Make-Ahead, Storage & Reheating
- Make-ahead: prepare the filling up to 24 hours ahead and refrigerate in an airtight container. Keep wrappers covered until ready to roll.
- Assembly ahead: you can roll the egg rolls and refrigerate them uncovered on a tray for up to a couple of hours before frying—cover loosely if longer to avoid drying.
- Refrigerator storage: store cooked egg rolls in an airtight container for up to 3 days. They’ll remain safe to eat but will lose some crispness.
- Reheating: re-crisp in a 375°F oven for 8–10 minutes or in an air fryer at 350°F for 4–6 minutes until heated through. Microwaving will make them soggy—avoid if possible.
Storage and Freezing Instructions
- Freezing: yes — freeze un-fried, fully assembled egg rolls on a baking sheet until solid, then transfer to a freezer bag for up to 2 months. Freeze cooked egg rolls only if you plan to re-crisp them in the oven or air fryer.

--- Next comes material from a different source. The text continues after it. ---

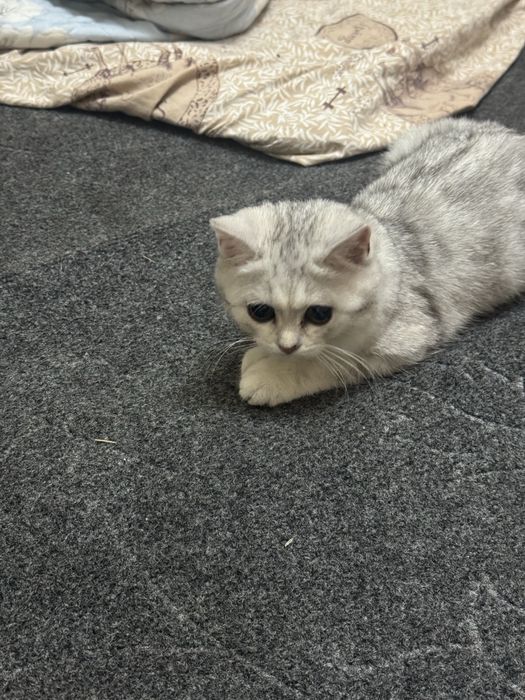 Shinshilla toza qaralgan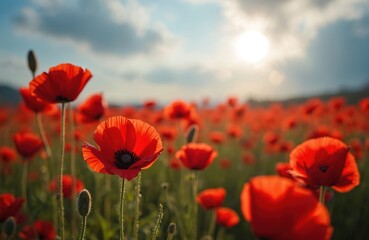 Obraz premium Red poppy flowers field under sky. Remembrance, Memorial armistice Day, Anzac day banner background. Remember for historic war memory. Sunny meadow with poppy flowers.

- To reheat from frozen: fry directly from frozen (a little longer), or bake at 375°F for 18–22 minutes, flipping halfway, until heated through and crisp.
- If freezing is not desired: refrigerate the filling and assemble just before frying to maintain the best texture.
Nutrition Facts (Per Serving)
| Calories | Protein | Carbs | Fat | Fiber | Sodium |
|———|——–|——|—–|——|——-|
| 240 kcal | 12 g | 14 g | 13 g | 1.5 g | 450 mg |
Nutrition values are estimates and may vary depending on ingredients and portion sizes.
FAQ About Crispy Southern Egg Rolls
- How do I stop the wrappers from splitting while frying?
- Make sure the filling isn’t too wet, don’t overfill, and keep wrappers covered with a damp towel while working.
- My egg rolls are greasy—what went wrong?
- Oil temperature was likely too low. Use a thermometer and maintain 350–375°F; fry in small batches so the oil temperature recovers quickly.
- Can I bake these instead of frying?
- Yes — baking will produce a different texture (less deep crunch) but will still be tasty. Brush or spray lightly with oil and bake at 400°F until golden.
- How do I know when the filling is hot enough?
- Fry until the exterior is golden and the filling is piping hot. A quick cut to check the filling should show steam and melted cheese.
- Can I prepare these ahead and freeze?
- Yes, assemble and freeze un-fried egg rolls on a tray, then transfer to a bag. Fry or bake from frozen.
- What can I serve with them for a party?
- Provide a few dipping sauces, pickled veggies, and a fresh slaw to balance the richness.
Notes
- For even plating, cut egg rolls on a diagonal and fan them on a warm plate so the filling shows.
- A squeeze of fresh lemon or a drizzle of hot sauce just before serving brightens the flavors.
- If you prefer a crisper finish after frying, place egg rolls on a wire rack in a warm oven (200°F) for a few minutes.
- Adjust the hot sauce to suit your audience—start conservative for kids and up the heat for adults.
- Keep a small bowl of water at your rolling station to seal edges quickly and prevent them from reopening during frying.

Crispy Southern Egg Rolls
- Total Time: 45 minutes
- Yield: 4 servings
- Diet: None
Description
Crispy Southern Egg Rolls filled with smoky pulled pork, tangy collard greens, and creamy cream cheese for a delicious appetizer or snack.
Ingredients
- 2 cups cooked pulled pork, shredded
- 1–1½ cups cooked collard greens, well-drained and chopped
- 4 oz cream cheese, softened
- 1–2 teaspoons hot sauce
- Salt and freshly ground black pepper, to taste
- 16–20 egg roll wrappers
- Neutral oil for frying (peanut, canola, or vegetable oil)
- Water (for sealing)
- Damp towel (to cover wrappers while working)
Instructions
- Combine the pulled pork, well-drained chopped collard greens, softened cream cheese, hot sauce, and salt and pepper in a medium bowl. Stir until everything is evenly incorporated.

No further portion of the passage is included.